I was the kid in 4th grade that loved when the day’s schedule was outlined on the chalkboard in the beginning of class each morning.
I found comfort in knowing that 9:00 was math time, 10:00 was English and Noon was lunchtime. This routine carried into my later years, where color–coordinated agendas and to-do lists ran my life. I even made a mental list of how my future would go: graduate from college, find a job, fall in love and make gorgeous and/or ugly babies whom I’ll love anyway because my future family would represent my success in checking off another item off my list.
My list decided to self-destruct two months before my college graduation, when I found out I had cancer. As I stared numbly at the “Bald is Beautiful” posters in the doctor’s office, I found myself still so determined to draw out my now very vague future. I mentally planned when I would re apply to internships and jobs. I saw it as the same as before, just adding a few chemo treatments into the agenda. And for a while, my plan worked; I struggled to finish my senior year courses online in-between chemo sessions, and even managed to organize my chemo schedule so I could drive back upstate to sit with my classmates at graduation.
Reality didn’t get its shit together until the day I lost my hair.
All of it. Because that, my dear friends, was the very gut wrenching, tug-on-your-heart-strings moment where I acknowledged that my illness was real. That night, I stared in the mirror for the longest time with tears brimming in my eyes. I finally admitted to myself that I was no longer in charge of where life would take me, and I had no choice but to accept it.
At first, it felt like I had lost the instruction manual to building a piece of Ikea furniture; there was no more step-by-step direction to what the outcome would be. Without losing sight of my general goals, I slowly learned to stop placing deadlines on tasks. As a result, there was so much time allotted for experiences I never would have planned for. I met amazing cancer survivors and fighters, began cooking more, created a blog, and even went on trips with my family. Ironically, cancer did the complete opposite of what it was meant to do: it made me a much happier person.

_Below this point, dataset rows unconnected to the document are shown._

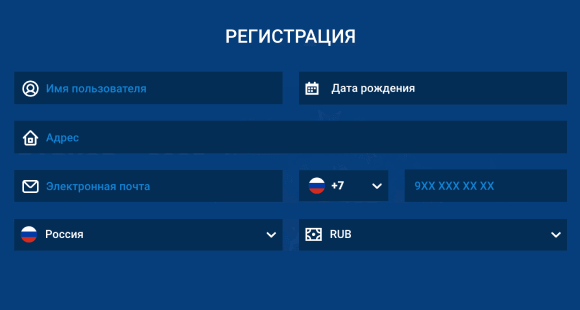 Форма регистрации Mostbet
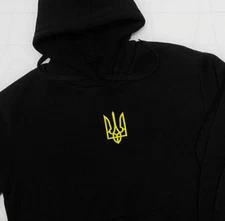 Ukraine Embroidered Hoodie Ukrainian Volodymyr Zelenskyy Stitched Golden Trident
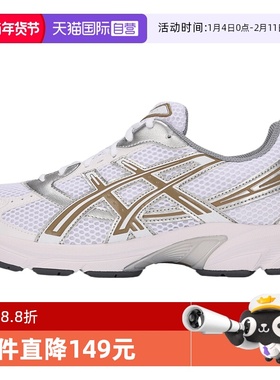 【自营】Asics亚瑟士中性GEL-1130AT运动训练跑步鞋1203A609-104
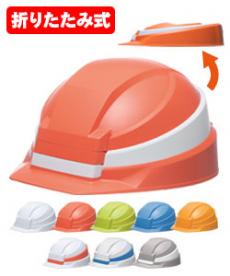 [ABS製]IZANO2 防災用ヘルメット(B3-IZANO2)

Two years and two cancer recurrences later, I managed to complete my internship and pass my licensing exam for dietitians. I adapted with each recurrence, seeing it as a new route to pave my future. I knew I was a better version of myself when I accepted a job offer one week after finding out that my cancer had spread to my lungs, having zero idea how I would balance having a full time career along with being a full time 25-year-old with shitty lungs.
This story doesn’t end with a dazzling description of my success, because in real life, it doesn’t really matter how any story ends, does it? With the infinite amount of possibilities that could happen between the beginning and the destination, why focus on one expected ending?